¿Habéis oído hablar, hermanos, de esa vida que se comparte, de ese fruto preciado que no sacia y que aun así, se quiere?.

¿Sabéis de los años que pasan sin dejar surco en el rostro pero que, como cincel en la piedra, marcan irremediablemente y para siempre el corazón?.

El amor cura, del mismo modo que las lágrimas nos redimen de nuestros pecados. Las lágrimas portan lo que debería ser y no fue. Escapan de nuestro cuerpo y se depositan por un instante en nuestras manos, las reconocemos como culpas y, a la vez como único medio de salvación.

Las lágrimas nos redimen y nos dejan en paz con nosotros mismos. Nos rescatan de la tumba en donde estábamos sumergidos, nos devuelven a la superficie en calma, del mar en calma.

Bienaventurado el dolor que brilla entre mis manos y las humedece.

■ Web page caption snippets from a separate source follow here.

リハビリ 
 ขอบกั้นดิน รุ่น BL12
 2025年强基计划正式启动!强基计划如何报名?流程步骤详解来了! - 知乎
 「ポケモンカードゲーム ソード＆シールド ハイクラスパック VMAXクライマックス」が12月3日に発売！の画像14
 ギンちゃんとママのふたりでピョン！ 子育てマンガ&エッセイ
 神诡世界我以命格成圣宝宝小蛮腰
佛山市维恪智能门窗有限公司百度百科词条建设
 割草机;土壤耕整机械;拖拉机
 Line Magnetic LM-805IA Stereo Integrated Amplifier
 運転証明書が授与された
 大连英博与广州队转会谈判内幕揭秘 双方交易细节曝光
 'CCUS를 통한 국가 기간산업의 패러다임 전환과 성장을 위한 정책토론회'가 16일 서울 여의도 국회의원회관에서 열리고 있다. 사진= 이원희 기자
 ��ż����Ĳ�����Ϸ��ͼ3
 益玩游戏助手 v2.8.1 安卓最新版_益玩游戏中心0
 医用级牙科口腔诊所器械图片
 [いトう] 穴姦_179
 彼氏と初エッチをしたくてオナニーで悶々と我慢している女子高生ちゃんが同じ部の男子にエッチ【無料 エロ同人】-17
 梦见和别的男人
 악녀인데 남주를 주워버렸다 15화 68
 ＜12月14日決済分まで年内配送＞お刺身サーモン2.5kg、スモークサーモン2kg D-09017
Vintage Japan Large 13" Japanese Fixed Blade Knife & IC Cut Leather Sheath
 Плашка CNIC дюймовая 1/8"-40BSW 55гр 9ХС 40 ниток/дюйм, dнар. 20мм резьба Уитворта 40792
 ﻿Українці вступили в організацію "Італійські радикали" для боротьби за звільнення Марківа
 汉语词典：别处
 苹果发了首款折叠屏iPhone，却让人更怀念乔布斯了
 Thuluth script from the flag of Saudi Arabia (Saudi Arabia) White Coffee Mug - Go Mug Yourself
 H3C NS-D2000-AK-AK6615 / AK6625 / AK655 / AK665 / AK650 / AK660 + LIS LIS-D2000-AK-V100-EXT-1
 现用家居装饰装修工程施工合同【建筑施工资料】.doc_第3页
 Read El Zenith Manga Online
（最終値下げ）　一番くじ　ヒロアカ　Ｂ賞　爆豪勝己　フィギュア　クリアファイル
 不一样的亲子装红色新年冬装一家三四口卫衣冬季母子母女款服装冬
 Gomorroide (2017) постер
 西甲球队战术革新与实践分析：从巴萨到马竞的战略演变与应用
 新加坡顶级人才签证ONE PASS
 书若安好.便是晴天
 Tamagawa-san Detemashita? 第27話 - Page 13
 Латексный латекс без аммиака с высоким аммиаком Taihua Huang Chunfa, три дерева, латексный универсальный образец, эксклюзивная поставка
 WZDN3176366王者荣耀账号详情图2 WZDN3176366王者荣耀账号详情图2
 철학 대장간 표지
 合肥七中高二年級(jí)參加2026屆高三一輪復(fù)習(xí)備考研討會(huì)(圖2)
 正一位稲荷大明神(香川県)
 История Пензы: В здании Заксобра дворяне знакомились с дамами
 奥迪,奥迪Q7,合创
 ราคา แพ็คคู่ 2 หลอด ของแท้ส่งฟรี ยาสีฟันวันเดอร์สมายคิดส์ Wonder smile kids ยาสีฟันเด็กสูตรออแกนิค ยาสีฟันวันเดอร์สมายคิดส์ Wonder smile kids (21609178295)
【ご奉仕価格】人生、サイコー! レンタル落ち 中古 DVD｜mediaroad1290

Bienaventurada cada minúscula copa de salado sabor, porque lo que tuvo que ser y no fue, por fin ya es.

Amargo es el amor, amargas son las lágrimas, amargo todo… y ahora, al final del día, al final del día que es mi vida, me encierro yo. Me escabullo sin armar revuelo y giro la llave de mi celda y me dejo vivir por última vez, a solas.

Viví aquí hace muchos años, toda mi vida, luego lo supe. Al principio pensé que me había alejado de este paisaje de mar y cielo. Pensé que me había ido a estudiar y pensé que jamás había vuelto a este rincón hasta que decidí hacerlo.

Tengo 40 años, no tengo mujer, no tengo hijos, no tengo familia, no tengo más que un cuerpo que siente que acaba de nacer… otra vez. Miento. Sí que tengo una mujer, y un hijo y familia. Los recuperé a todos cuando lloré…me dejaron, pero volvieron para quedarse.

Llegué a este pueblo, después de no haberme ido nunca y me encontré con todo lo que creía que había perdido. Mi padre me estaba esperando, le sorprendí cosiendo las viejas redes de pesca. Fue con el que primero hablé.

Aparqué el coche tras la casa, la puerta de entrada a la antesala a un comedor con vistas al mar.

Antes de girar mi llave, oxidada de golpe por la sal, oí a mi padre tararear.

Bajé las escaleras hasta el camino que iba directo a la playa. Sentado con las piernas estiradas, como los niños que juegan en la arena, allí, solo, estaba mi padre.

Vi sus manos alzándose al aire, sosteniendo la red, sus manos fuertes de hombre fuerte, de uñas redondas, de manos ennegrecidas que habían bebido cada rayo de sol.

¿Cuánto tiempo había pasado?, ¿cuánto tiempo desde la última vez que lo vi?.

Su camisa abierta frente al mar ondeaba a modo de saludo y me anunciaba su olor a sudor y sal, el olor sempiterno de su cuerpo. Me detuve un momento a mirarlo.

Su espalda encorvada pero siempre ancha y fuerte me devolvió recuerdos de infancia. Recuerdos de unas tardes parecidas a aquella en donde mi padre también estaba remendando redes. Le oía silbar y bajaba a la orilla de la playa con mis piernas de niño pequeño hundiéndose en la arena.

Silbaba cada vez que llegaba del centro del mar y se sentaba en la orilla a seguir trabajando. El anuncio de su llegada era una improvisada melodía que yo había aprendido a reconocer.

Mis piernas pequeñas, de tobillos pequeños, de pies pequeños, de dedos pequeños, hacían su labor de llevarme con pasos pequeños hasta donde estaba mi padre.

Su espalda me tapaba la visión del mar y yo intentaba trepar por ella. Mi padre me alzaba con sus brazos y me sentaba sobre sus hombros.

“¿Quieres saber de dónde vengo?”.- me decía. “Sí”.- le contestaba yo, asiéndome a su cuello.

Se ponía de pie, jamás me volví a sentir tan grande como en aquellos instantes. “Vengo del centro del mar. Donde todo está en calma, donde no hay olas. De allí vengo”.

Mi padre se quedaba en silencio, quieto, como un mástil, erguido. “El mar me manda recuerdos para ti”. No comprendía lo último que me decía pero desde mi posición de gigante no cabía duda que mi padre era el hombre más fuerte, más grande, más sabio, y el mejor de todos los hombres.

Ahora, sentado frente a mi, me parecía un hombre cansado, frágil…y no sabía que decirle después de tantos años.

“No estés triste, que tú también serás viejo, y tendrás hijos que te verán viejo y no sabrán que decirte”.- apartó las redes, y con lentitud se levantó para ponerse frente a mi. Sonreía.

Ante su bienvenida no pude más que abrazarle…y llorar.